Severe Left Ventricular Outflow Tract Obstruction Following Arteriovenous Fistula Reopening in a Dialysis Patient With Left Ventricular Hypertrophy
Abbas Rachid, Batoul Chaaban, Malek Mohammed, Nina M Khalil, Hasan Kazma

TL;DR
A dialysis patient with heart issues experienced severe heart complications after reopening an arteriovenous fistula, which improved after the fistula was closed.
Contribution
This case highlights the risks of AVF reopening in patients with preexisting left ventricular hypertrophy.
Findings
AVF reopening led to severe LVOT obstruction and mitral regurgitation in a patient with left ventricular hypertrophy.

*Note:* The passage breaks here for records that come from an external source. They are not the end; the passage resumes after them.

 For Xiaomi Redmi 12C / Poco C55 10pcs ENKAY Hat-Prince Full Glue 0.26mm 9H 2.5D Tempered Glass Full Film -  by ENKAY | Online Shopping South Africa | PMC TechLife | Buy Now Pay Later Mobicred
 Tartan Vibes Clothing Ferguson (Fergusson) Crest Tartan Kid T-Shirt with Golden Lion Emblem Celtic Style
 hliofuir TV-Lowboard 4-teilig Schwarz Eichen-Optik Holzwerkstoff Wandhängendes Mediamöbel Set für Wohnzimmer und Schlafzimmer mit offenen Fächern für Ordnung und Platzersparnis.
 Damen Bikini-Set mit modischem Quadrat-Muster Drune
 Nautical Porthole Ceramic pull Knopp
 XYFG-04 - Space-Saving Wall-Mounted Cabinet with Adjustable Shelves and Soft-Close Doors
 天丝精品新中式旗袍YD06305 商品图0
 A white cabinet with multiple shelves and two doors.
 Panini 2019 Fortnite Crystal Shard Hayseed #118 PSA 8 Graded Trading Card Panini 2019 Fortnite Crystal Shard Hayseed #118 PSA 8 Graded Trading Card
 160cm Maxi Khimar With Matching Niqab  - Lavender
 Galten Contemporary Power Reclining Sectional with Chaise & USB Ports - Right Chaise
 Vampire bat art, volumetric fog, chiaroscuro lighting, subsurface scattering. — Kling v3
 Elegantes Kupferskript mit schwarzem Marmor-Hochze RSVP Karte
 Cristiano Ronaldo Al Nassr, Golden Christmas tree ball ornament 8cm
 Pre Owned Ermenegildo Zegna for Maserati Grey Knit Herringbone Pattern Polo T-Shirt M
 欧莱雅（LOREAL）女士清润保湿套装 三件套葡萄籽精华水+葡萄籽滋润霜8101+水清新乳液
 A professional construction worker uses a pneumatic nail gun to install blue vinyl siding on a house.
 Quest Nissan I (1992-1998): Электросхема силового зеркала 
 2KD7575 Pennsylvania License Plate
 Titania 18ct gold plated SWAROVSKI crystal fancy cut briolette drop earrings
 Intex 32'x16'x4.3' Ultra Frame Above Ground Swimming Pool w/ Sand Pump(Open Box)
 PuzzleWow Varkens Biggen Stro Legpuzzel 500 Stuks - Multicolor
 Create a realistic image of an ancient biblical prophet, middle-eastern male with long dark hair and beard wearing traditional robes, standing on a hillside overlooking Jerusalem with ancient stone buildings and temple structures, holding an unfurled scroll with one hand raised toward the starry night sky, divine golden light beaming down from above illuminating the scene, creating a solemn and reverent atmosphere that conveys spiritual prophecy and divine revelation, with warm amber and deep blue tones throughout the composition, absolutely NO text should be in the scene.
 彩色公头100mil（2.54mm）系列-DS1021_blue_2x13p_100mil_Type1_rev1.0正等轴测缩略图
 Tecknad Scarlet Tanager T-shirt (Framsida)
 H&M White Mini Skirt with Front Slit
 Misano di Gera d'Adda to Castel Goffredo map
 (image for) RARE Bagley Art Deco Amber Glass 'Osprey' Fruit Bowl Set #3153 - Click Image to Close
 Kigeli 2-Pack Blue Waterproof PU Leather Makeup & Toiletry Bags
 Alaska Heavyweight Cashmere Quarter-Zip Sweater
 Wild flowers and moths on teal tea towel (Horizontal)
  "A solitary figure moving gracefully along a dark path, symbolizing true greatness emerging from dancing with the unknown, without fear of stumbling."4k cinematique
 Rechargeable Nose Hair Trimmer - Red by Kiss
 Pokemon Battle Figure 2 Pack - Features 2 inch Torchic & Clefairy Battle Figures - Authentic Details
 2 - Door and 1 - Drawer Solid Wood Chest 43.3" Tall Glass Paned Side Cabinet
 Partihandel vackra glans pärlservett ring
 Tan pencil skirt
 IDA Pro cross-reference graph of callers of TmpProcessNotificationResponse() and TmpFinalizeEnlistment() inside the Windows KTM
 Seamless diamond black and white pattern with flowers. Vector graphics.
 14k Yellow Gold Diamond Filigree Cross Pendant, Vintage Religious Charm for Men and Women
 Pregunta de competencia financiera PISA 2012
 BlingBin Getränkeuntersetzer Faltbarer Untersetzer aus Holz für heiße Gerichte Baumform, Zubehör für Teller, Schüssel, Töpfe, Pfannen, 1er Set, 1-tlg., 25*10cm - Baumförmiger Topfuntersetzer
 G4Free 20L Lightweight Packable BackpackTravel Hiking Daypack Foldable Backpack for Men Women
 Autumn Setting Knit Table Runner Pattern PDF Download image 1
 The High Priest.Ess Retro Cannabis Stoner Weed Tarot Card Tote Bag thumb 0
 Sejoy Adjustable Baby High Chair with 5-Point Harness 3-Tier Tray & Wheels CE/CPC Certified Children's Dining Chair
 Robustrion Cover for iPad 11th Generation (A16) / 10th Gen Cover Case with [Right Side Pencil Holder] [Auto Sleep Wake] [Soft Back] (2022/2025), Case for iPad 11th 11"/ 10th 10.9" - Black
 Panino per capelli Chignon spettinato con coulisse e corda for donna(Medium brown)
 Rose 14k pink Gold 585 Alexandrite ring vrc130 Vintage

Symptoms and echocardiographic abnormalities resolved after surgical AVF closure.
The case underscores the need for cardiovascular evaluation before AVF reopening in at-risk patients.
Abstract
Arteriovenous fistulas (AVFs) are the preferred vascular access for hemodialysis due to their durability and lower risk of complications than alternative access methods. However, AVFs can significantly impact cardiac function, particularly in patients with preexisting cardiovascular conditions. We present a case of a 56-year-old female with a history of hypertension and end-stage renal disease who developed recurrent hypotension, dizziness, and dyspnea following AVF reopening. The echocardiographic evaluation revealed severe left ventricular hypertrophy, systolic anterior motion of the mitral valve, significant mitral regurgitation, and left ventricular outflow tract (LVOT) obstruction with a high-pressure gradient. Despite medical management with beta-blockers, symptoms persisted, leading to the decision to close the AVF surgically. Following AVF closure, echocardiography showed a…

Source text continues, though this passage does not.